CS-194-AFP's Project 4

Part 1: Image Classification

I used code largely adapted from the tutorials linked in the spec to create a CNN with 2 convolution layers and 2 fully connected layers for the classification task, trained using Cross-Entropy Loss. My first convolution layer used a kernel size of 5 and had 128 output channels. My second convolution layer used a kernel of size 5 and had 512 output channels. After lots of experimentation, I found that using LeakyReLU nonlinearities and an Adam optimizer with learning rate 0.003 and L2 regularization term of 0.00008 worked best for my network. Each convolution layer was followed by a LeakyReLU and a 2x2 Maxpool. I used an 80-20 train/validation split, and after training on all 50,000 training images for 14 epochs with batchsize 32, I got an overall test and validation accuracy of 89.45%. Below are my per class accuracies:

Class 0 (t-shirt): 89.1%
Class 1 (trousers): 97.9%
Class 2 (pullover): 87.0%
Class 3 (dress): 94.1%
Class 4 (coat): 75.0%
Class 5 (sandal): 98.7%
Class 6 (shirt): 63.2%
Class 7 (sneaker): 95.7%
Class 8 (bag): 97.6%
Class 9 (ankle boot): 96.2%

The accuracies above clearly show that the shirt and coat classes were hardest to correctly classify (lots of false negatives that were instead classified as t-shirt, coat, etc...).

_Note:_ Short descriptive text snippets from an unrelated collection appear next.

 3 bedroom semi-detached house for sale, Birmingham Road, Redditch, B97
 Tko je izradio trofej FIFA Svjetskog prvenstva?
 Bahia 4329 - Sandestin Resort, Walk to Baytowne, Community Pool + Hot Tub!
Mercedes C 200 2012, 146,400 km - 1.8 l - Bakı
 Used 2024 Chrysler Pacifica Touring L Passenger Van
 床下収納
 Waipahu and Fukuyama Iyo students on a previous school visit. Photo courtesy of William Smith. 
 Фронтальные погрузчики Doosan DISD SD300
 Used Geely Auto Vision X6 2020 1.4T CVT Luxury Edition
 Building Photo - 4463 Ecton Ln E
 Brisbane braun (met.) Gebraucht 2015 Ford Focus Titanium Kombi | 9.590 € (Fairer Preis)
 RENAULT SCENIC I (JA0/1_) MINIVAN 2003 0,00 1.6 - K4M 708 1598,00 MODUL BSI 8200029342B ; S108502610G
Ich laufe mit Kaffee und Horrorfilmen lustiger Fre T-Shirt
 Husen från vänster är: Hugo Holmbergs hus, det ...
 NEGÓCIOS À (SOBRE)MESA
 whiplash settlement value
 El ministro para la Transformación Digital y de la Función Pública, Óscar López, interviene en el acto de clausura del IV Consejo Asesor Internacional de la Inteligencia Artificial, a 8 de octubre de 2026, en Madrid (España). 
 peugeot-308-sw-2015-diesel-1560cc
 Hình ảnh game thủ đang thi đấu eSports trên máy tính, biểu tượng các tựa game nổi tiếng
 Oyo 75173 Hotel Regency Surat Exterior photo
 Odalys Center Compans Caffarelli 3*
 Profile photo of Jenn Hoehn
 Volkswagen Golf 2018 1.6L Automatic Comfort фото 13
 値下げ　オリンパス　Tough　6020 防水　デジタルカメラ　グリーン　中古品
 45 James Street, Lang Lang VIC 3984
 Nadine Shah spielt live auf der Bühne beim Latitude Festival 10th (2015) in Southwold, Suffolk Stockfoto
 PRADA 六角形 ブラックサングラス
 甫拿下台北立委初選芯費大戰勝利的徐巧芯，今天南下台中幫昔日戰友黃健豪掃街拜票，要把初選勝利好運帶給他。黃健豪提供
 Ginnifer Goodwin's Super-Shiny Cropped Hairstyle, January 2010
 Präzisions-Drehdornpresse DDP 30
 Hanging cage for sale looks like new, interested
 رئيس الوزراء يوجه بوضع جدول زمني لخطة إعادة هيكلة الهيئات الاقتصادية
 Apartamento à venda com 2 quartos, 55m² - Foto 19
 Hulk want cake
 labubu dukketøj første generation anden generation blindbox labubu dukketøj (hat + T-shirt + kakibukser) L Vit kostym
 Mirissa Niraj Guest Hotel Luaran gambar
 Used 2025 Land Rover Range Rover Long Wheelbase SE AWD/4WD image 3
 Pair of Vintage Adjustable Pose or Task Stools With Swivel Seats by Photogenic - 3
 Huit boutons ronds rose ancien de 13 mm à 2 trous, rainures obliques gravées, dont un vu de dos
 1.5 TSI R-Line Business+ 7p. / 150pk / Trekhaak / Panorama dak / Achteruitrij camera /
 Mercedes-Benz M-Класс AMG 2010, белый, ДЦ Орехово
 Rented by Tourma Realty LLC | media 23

In order are my plots of training and validation loss during training, training and validation accuracy during training, examples of successfully and unsuccessfully classified images of each class, and visualizations of the filters from the first convolution layer.

Training and Validation Loss:

Training and Validation Accuracy:

Successes and Failures:

Filter Visualizations

Part 2: Semantic Segmentation

This part involved semantcally segmenting images of buildings to find which pixels depicted "other", facades, pillars, windows, and balconies. I used the provided code to set up my dataloaders, calculate AP scores, and get results. To actually create my model, I used U-Net (a famous segmentation model you can read about here) as an inspiration. I first pass my data through a convolution layer with 64 output channels and a LeakyReLU nonlinearity. I save this result as "skip connection 1," then use 2x2 Maxpool to spatially shrink my image before passing it through another convolution layer (with 256 output channels) and another LeakyReLU. I save this result as skip connection 2 before using another 2x2 Maxpool to spatially shrink the data. Then I pass it through another convolution layer and LeakyReLU with 256 output channels. I then spatially upsample this result (with a scale factor of 2), concatenate (stack along the channels dimension) skip connection 2, and pass this result through a fourth convolution layer and LeakyReLU with 64 output channels. I then re-spatially upsample this data to get back to the original resolution, and concatenate (stack along the channels dimension) skip connection 1. I pass this through a fifth convolution layer and LeakyReLU with 32 output channels. Finally I pass this through a sixth convolution layer with 5 output channels (1 per class). All convolutions has enough padding to ensure outputs have the same resolution as the input. I calll this arcitecture SmolUNet, and use Cross-Entropy Loss and an Adam optimizer (with learning rate 0.00003 and L2 regularization parameter 0.000001). I used an 85-15 split on the training data to get by train and validation loaders. I trained for 100 epochs to get an average AP score of 52.32. My per-class AP Scores are:

Class 0 (other): 63.44
Class 1 (facade): 70.37
Class 2 (pillar): 8.37
Class 3 (window): 80.30
Class 4 (balcony): 39.11

From these results it's clear the model is not good at segmenting pillars, but is good at segmenting windows. This can be clearly seen in the examples below, where there are lots of false positives for pillars, but the windows look good.